→ Work task:
Go to the line with "2010 BMW X5" in the entries below and write out every line from there through the line with "HP4 RACE Carbon front", exactly and without pictures.

→ Provided material:
◇ ◇ ◇

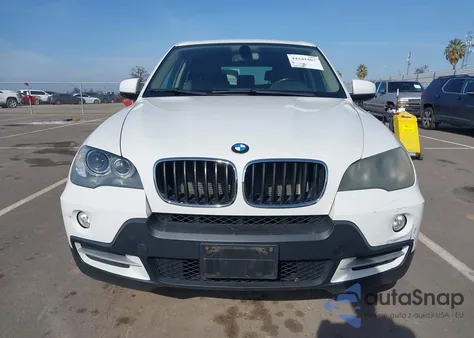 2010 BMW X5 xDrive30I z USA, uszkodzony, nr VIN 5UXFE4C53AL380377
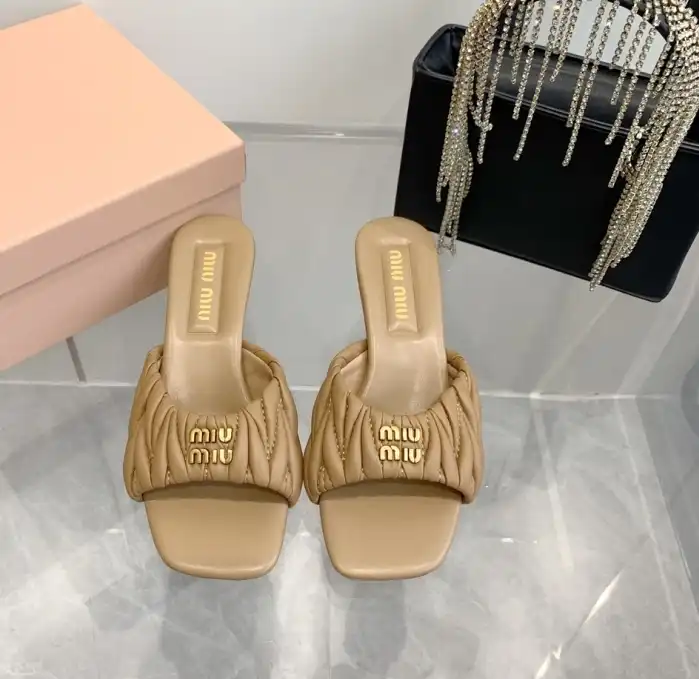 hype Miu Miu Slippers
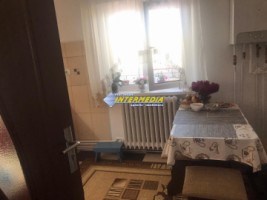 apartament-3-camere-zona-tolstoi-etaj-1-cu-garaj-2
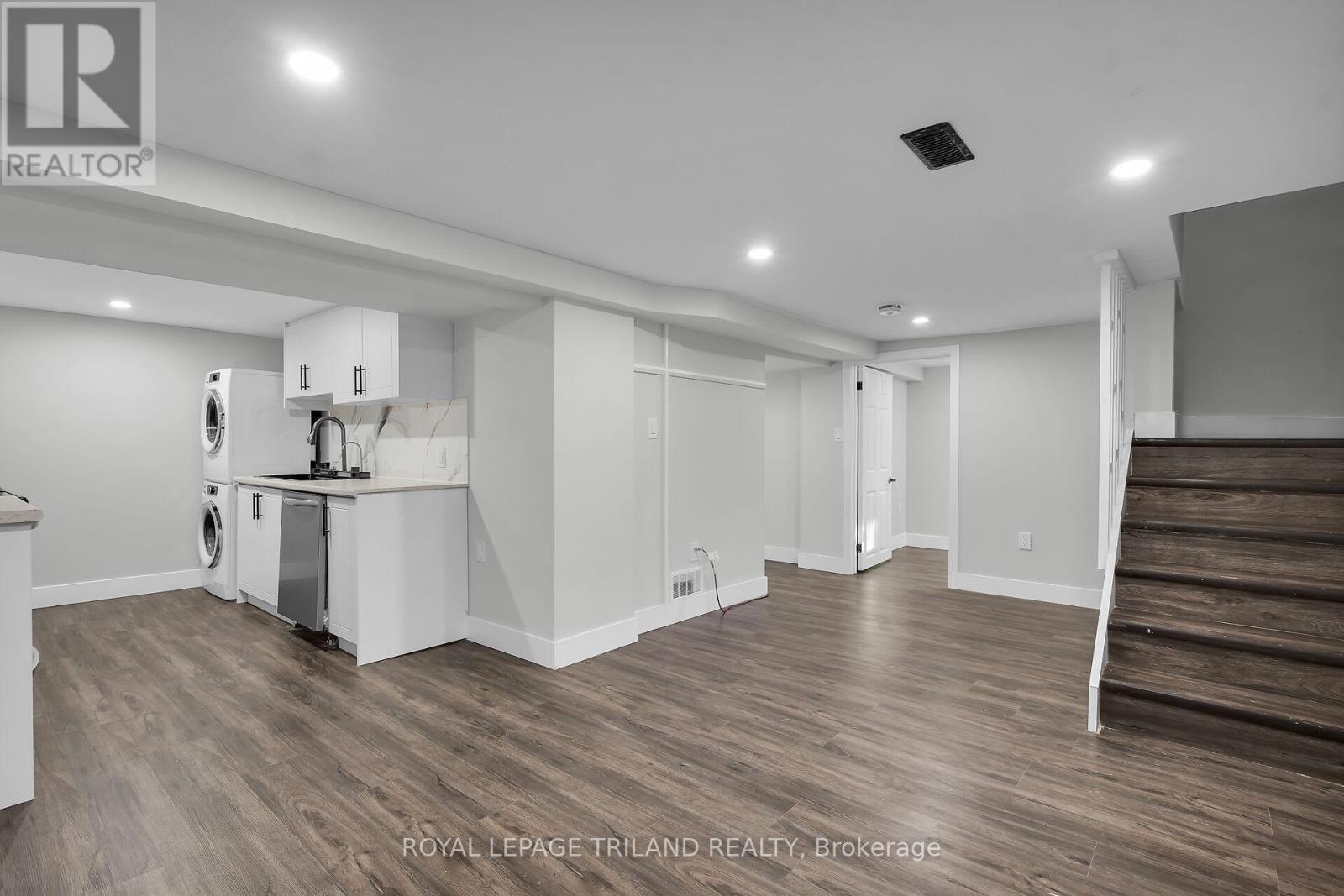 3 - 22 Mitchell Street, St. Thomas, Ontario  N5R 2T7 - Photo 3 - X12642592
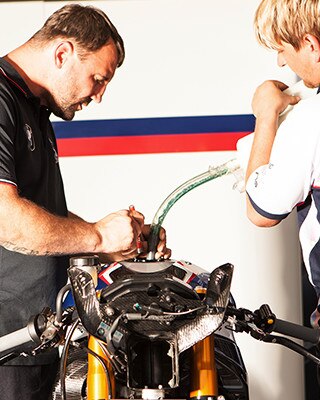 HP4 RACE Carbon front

◇ ◇ ◇

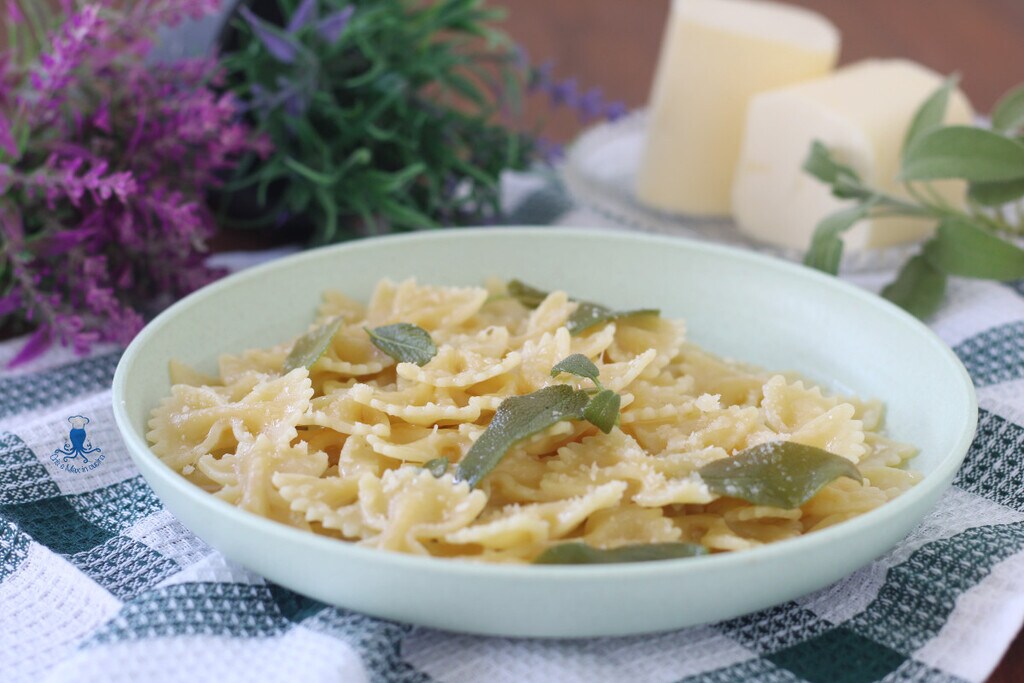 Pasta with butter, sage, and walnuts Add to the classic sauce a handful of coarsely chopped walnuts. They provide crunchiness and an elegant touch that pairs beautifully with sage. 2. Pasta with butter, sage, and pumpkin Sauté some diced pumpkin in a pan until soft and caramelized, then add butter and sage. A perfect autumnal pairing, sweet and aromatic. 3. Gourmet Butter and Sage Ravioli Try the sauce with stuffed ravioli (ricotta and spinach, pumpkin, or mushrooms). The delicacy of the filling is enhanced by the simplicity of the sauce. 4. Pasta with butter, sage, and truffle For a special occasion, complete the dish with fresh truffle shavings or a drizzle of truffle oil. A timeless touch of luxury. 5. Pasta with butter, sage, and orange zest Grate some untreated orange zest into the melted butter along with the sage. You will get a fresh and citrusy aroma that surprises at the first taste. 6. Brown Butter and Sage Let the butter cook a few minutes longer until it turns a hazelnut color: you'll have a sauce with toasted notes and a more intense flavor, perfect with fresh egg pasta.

◇ ◇ ◇

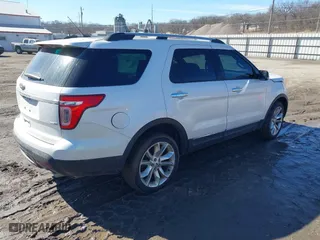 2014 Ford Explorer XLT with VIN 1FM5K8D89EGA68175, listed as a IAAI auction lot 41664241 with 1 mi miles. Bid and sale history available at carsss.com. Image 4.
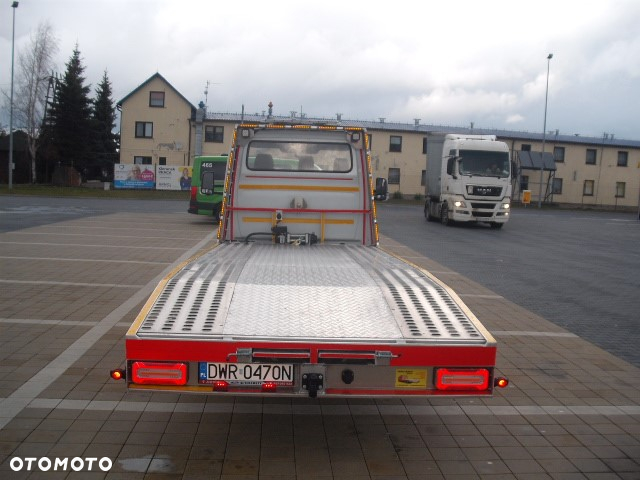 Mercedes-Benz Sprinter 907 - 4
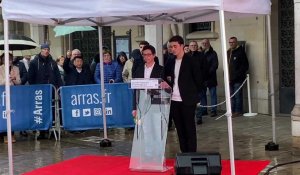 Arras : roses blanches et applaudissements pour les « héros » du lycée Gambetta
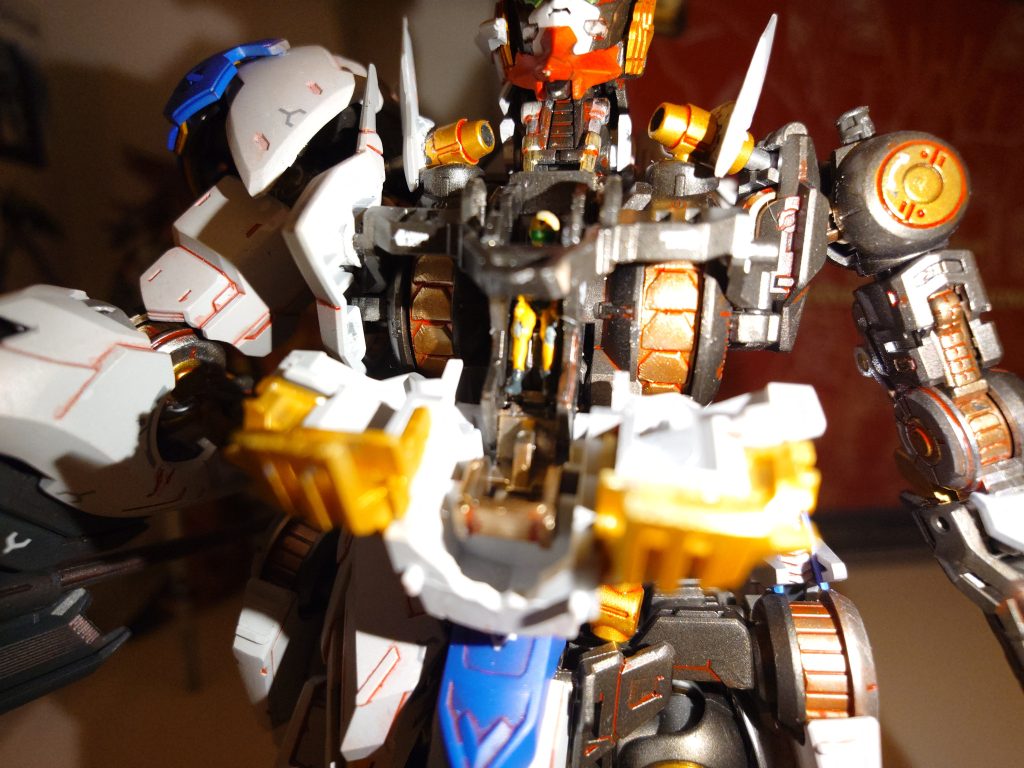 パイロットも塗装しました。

◇ ◇ ◇

→ Problem solution:
 2010 BMW X5 xDrive30I z USA, uszkodzony, nr VIN 5UXFE4C53AL380377
 hype Miu Miu Slippers
 apartament-3-camere-zona-tolstoi-etaj-1-cu-garaj-2
 3 - 22 Mitchell Street, St. Thomas, Ontario  N5R 2T7 - Photo 3 - X12642592
 HP4 RACE Carbon front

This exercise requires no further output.